Last Edit: Mar 24, 2020 20:09:03 GMT -6 by dongyueli
Post by Alberto Passalacqua on Mar 26, 2020 0:54:13 GMT -6
if you think to a fully reflective condition, you change sign to the normal component of the velocity vector. Each node has a velocity, so that should be possible to do for all. Alternatively, and more generally, since this approach works also for a diffuse condition, you can think about moments and fluxes across the wall "face", which leads to the same answer once you do the math.
> if you think to a fully reflective condition, you change sign to the normal component of the velocity vector. Each node has a velocity, so that should be possible to do for all.
Thanks for your reply. Yes I am considering the fully reflective condition and this is where I do not understand. For example, lets take a one-dimensional case. Initially all the particles moves to the left with 1m/s, after they touch the left wall boundary, they reflects to moving right with -1m/s. If I got it right, the key point is that at this time, there are particles moving left and right simultaneously (in each cell, not only the wall adjacent cell). If we say: at the beginning there are only one velocity node (1m/s), now there are two nodes (1m/s and -1m/s). If we have two velocity nodes at the beginning, we end up with four nodes after they collides with the wall.
This is what I draw in the picture. There should be misleading in my thought, but I did not figure out where it is...
Post by Alberto Passalacqua on Mar 30, 2020 17:57:22 GMT -6
The number of nodes does not change. If you have two nodes, you still have two nodes. Each node has its own velocity vector. To understand the implementation, you have to think to a ghost cell behind the wall and enforce the constraint on the flux through the wall face. The velocity in the cell within the domain is unchanged. The velocity in the ghost cell is defined so that the flux through the wall is null, so the normal component of this velocity is equal and opposite to the one you have in the cell on the flow side. See the article from Fox (2008) on a third-order moment method.

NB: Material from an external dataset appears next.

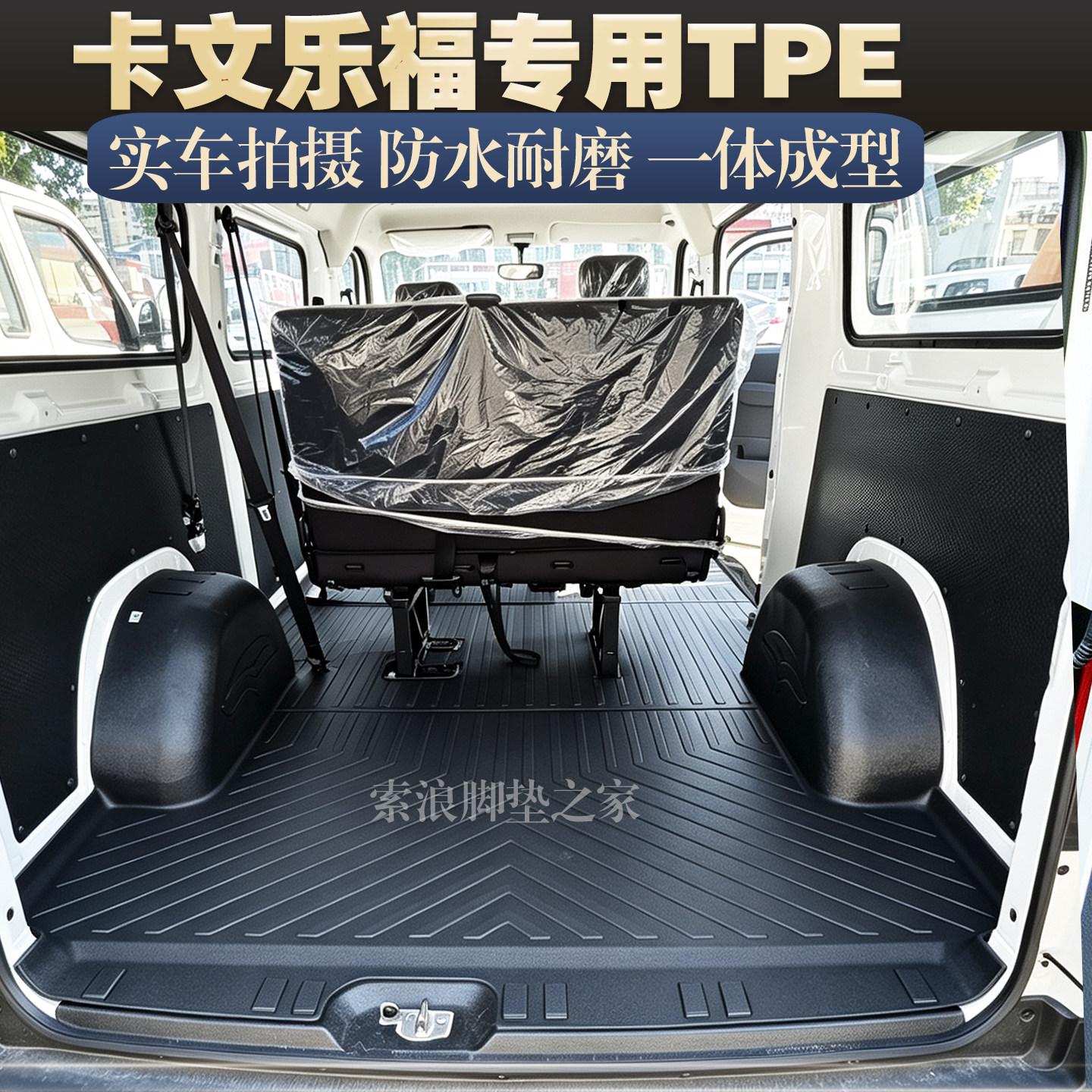 卡文乐福耐磨脚垫防水TPE图片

Thank you Alberto for your reply. Yes I found Fox 2008's paper. Its consistent with you wrote, which I still did not get it. Another paper I found is that published by Desjardins et al. 2008. In section 4.2.2, it says:
Note that in this example, the particle velocity is bivariate near the impingement point at the wall due to the incoming velocity (1,-1) and the outgoing velocity of (1,1).

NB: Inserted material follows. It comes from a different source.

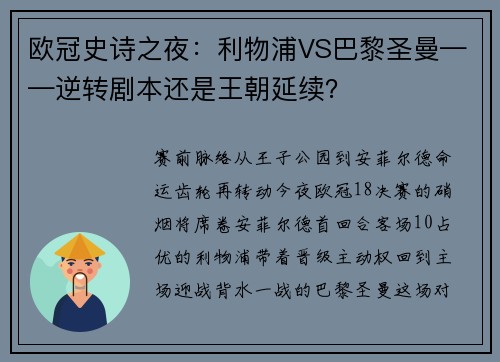 欧冠史诗之夜：利物浦VS巴黎圣曼——逆转剧本还是王朝延续？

Please see the following image, if I got it right, the black region inflow is univariate velocity region (1,-1) (one u node, one v node). Once it touches and is reflected by the wall, the triangle region (I also marked it in red) becomes bivariate: (1,-1) and (1,1) (one u node, two v nodes).
Follow this spirit, if we have bivariate inflow, lets say (1,-1) and (0.5, -0.5), does it mean we end up with four-variate?: (1,-1) (1,1) (0.5, -0.5) (0.5, 0.5). Namely two u nodes, but four v nodes?...
Last Edit: Mar 30, 2020 22:04:18 GMT -6 by dongyueli
I followed the ghost cell spirit and hard coded the velocity nodes. The results look good (see images in below). But the velocity impinging left and right is only one node. I am not sure what will happen if it impinges to the left with three u_x nodes...I did not try it but proceed with other implementation.